Comparar livro e filme é complicado. Muitas vezes uma das duas mídias decepciona, e quase sempre esse “dever” fica com o filme. Muito se deve pelo tempo de produção e detalhes que citados em livros são impossíveis de reproduzir nas telonas.
Vide o final de Hannibal.
A última decepção com adaptações foi com “Trem Noturno para Lisboa“. Então, logo após de ler essa maravilhosa obra, comecei ler outra tão genial quanto.
Nineteen Eighty-Four, ou se você preferir, 1984. A obra de George Orwell é focada em Winston, um homem de meia-idade que vive em um mundo que é totalmente controlado pelo estado.
Nada foge dos olhos do “Grande Irmão”. Seja por meio de helicópteros vigiando as ruas, pelas ¹teletelas dentro das residências ou, ainda, pelas crianças que nasceram no regime totalitário do Grande Irmão e denunciam qualquer pessoa (muitas vezes sendo os próprios pais) que cometa uma ²crimideia.
Além desse controle sobre a vida dos cidadãos, o governo também falsifica todos os documentos históricos, eles não querem que nenhuma pessoa se volte contra o estado, então tome notícias fictícias que “pregam” que eles estão em democracia e que a vida que eles levam é a melhor possível.
Mas Winston não aceita esse regime. Com alguns lampejos de memória ele começa se revoltar. Ele parou de seguir a boiada e começou “questionar o governo”.
Que fique claro, Winston questiona mentalmente, pois o governo opressor “some” com qualquer um que pratique algum tipo de ato que vá contra o regime totalitário.

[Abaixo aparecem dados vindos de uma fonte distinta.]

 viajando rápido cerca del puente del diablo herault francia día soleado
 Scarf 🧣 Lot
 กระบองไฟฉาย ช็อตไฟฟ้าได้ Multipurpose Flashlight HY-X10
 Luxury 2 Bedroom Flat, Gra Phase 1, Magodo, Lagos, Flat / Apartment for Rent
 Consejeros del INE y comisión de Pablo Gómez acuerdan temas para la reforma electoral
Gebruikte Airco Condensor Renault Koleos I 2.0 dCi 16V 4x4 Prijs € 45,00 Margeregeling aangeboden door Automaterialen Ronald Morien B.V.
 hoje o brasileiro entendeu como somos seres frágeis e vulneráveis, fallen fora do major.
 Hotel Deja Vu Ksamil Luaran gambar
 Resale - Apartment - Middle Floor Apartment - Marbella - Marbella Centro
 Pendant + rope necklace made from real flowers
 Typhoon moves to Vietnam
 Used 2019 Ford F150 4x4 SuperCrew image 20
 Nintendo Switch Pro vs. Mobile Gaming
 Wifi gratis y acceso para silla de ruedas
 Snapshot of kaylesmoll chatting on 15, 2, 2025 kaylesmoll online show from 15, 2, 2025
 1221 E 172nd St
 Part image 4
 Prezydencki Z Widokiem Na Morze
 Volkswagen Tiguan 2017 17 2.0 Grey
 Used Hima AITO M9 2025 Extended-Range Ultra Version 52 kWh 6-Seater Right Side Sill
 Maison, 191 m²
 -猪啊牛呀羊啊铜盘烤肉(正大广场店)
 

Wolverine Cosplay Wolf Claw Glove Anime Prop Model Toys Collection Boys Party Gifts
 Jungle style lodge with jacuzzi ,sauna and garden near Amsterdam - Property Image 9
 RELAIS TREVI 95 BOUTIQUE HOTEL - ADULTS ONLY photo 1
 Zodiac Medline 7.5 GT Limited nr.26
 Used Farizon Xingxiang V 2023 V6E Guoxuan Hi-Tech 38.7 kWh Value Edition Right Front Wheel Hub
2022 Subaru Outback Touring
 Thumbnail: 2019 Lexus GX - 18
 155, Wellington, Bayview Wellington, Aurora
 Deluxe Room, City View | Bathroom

George Orwell é magnífico ao escrever o livro. Aliás, obra essa escrita em 1949, mas muito atual. Nós sentimos a repressão que Winston sente. Sentimos o ambiente carregado de medo. Sentimos a dor da tortura.
1984 é ímpar, seja ao mostrar os proletariados: “O trabalho físico pesado, o trato da casa e dos filhos, as briguinhas com a vizinhança, o cinema, o futebol, a cerveja e, acima de tudo, o jogo, enchiam-lhes os horizontes. Mantê-los sob controle não era difícil”.
Seja ao mostrar que estar no poder pelo simples fato de estar no poder é um mal. Ou seja ao mostrar o quão falido é esse regime.
Sua leitura deveria ser obrigatória.
Pois bem, é notável minha admiração pela obra. Como é de praxe, depois de gostar de um livro eu rumo para o filme. Então entram duas questões. Primeiro: é excelente você saber todo o enredo para admirar uma adaptação. Segundo: quando você assiste uma adaptação sem esperar os mínimos detalhes, você não se decepciona.
Reproduzir o contexto de 1984 seria muito difícil. Mas foi bem feito. Lógico que sem toda a maravilhosa construção do livro. Mas mesmo assim bem feito.
Alguns itens são diferentes, como por exemplo o encontro de Winston com O’Brien (Richard Burton), alguns encontros com Júlia, algumas cenas da prisão… mas nada que comprometa o enredo. E mesmo o longa tendo quase duas horas, ele acabou sendo curto para riqueza de detalhes que Orwell colocou em sua obra. Muitas coisas não são expostas, apenas são deixadas subentendidas. Se você não ler o livro e for ver o filme, vai perder muita coisa.
Winston (John Hurt) é um bom personagem. Sua fisionomia surrada demonstra o mal do totalitarismo. Assim como a falta de depilação de Júlia (Suzanna Hamilton). Aliás, um ponto que merece destaque. Existem várias cenas de nudez no longa (e não são apenas cenas de peitos).
O totalitarismo não tem meio termo (tirando a parte proletária), até as roupas são iguais. Falta lâmina de barbear. Júlia, em certa altura, veste um vestido que ela tinha roubado, pois não aguentava mais usar roupas masculinas.
Em outro ponto ela rouba pão, açúcar, café… coisas simples para nós, mas que são negadas para população. (Lembre-se da Coréia do Norte e, atualmente, da Venezuela.)
Volto frisar. 1984 é super atual.
O longa contínua. O diretor Michael Radford não foge do contexto do livro e entrega uma adaptação mediana. No geral, ele não decepciona, mas não encanta, apenas serve como mais uma das diversas ramificações que tal obra gerou.
___
¹ – Teletela é um aparelho que transmite a programação do governo e, ao mesmo tempo, capta sons e imagens das casas que estão instaladas (são instaladas em todas as casas). As teletelas não são desligadas nunca, apenas podem ter seu volume regulado.
² – Crimideia é uma palavra em Novilíngua, idioma fictício do livro. A palavra se refere ao crime de pensamento, no caso aqui, todo pensamento contrário ao regime do Grande Irmão.